Beginning with the first line, return the material verbatim and without pictures.

GIVEN DATA
········
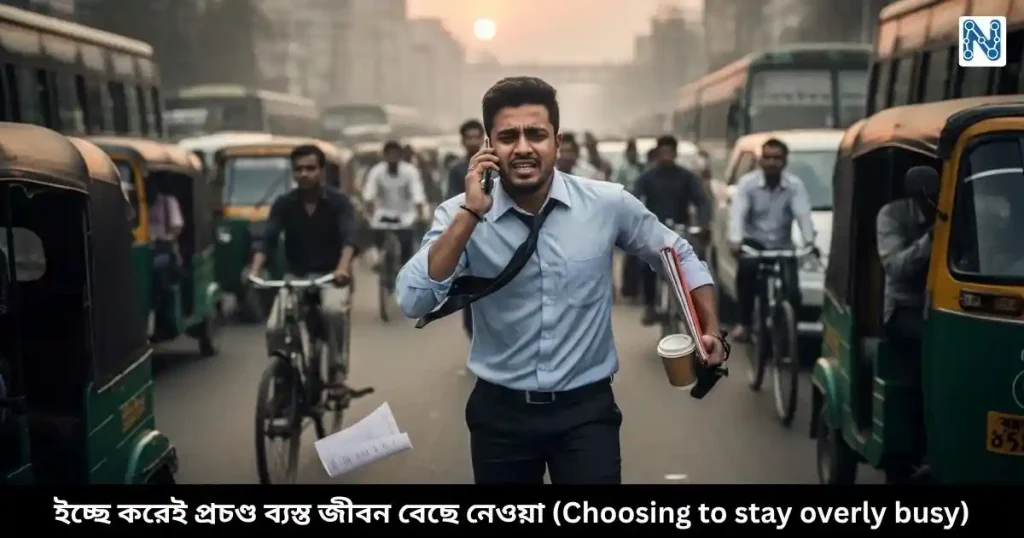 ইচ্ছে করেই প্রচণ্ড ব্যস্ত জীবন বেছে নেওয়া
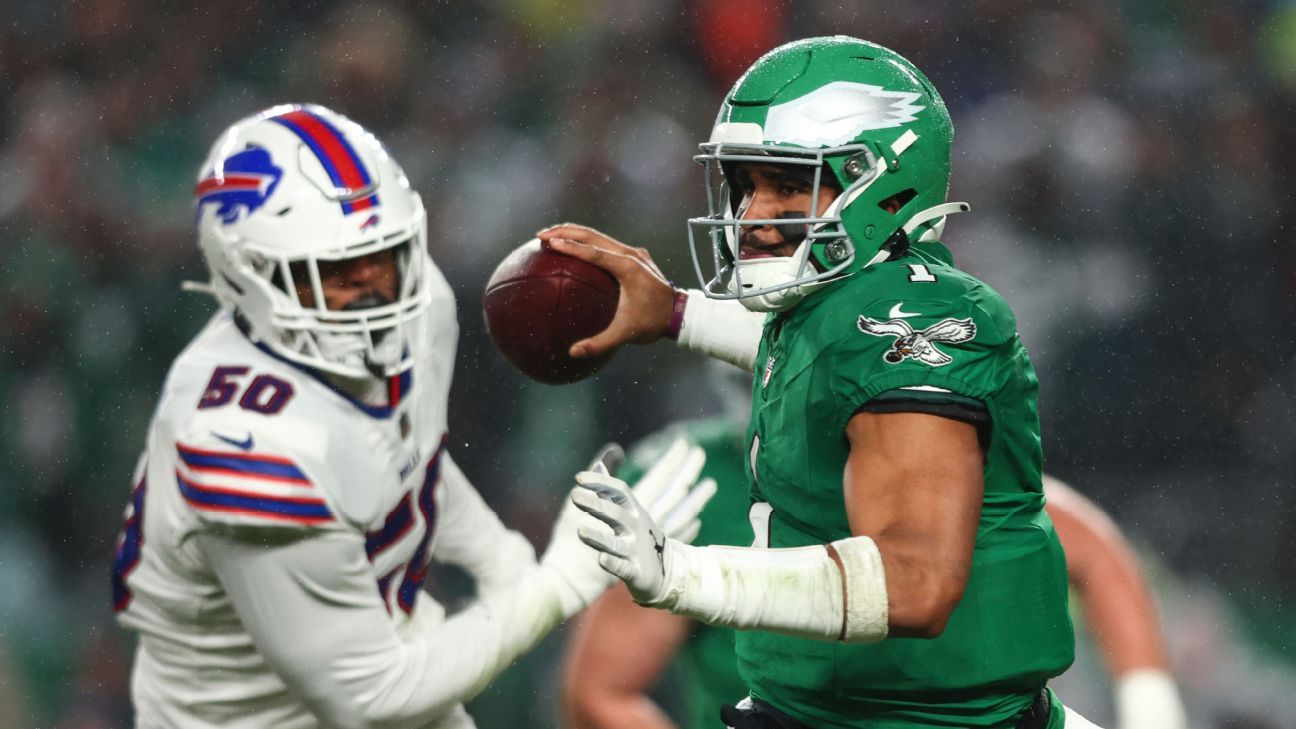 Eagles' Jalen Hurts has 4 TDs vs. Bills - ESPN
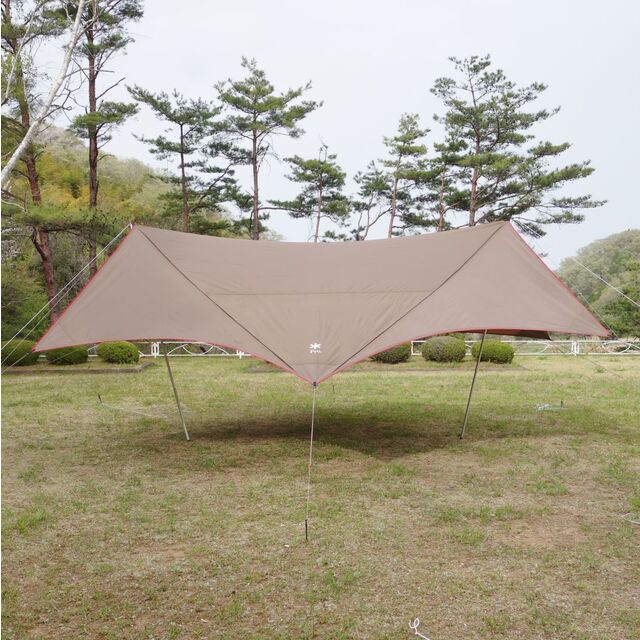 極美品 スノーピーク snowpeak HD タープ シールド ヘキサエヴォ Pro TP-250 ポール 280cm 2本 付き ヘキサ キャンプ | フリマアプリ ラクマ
········
RESPONSE AREA
 ইচ্ছে করেই প্রচণ্ড ব্যস্ত জীবন বেছে নেওয়া
 Eagles' Jalen Hurts has 4 TDs vs. Bills - ESPN
 極美品 スノーピーク snowpeak HD タープ シールド ヘキサエヴォ Pro TP-250 ポール 280cm 2本 付き ヘキサ キャンプ | フリマアプリ ラクマ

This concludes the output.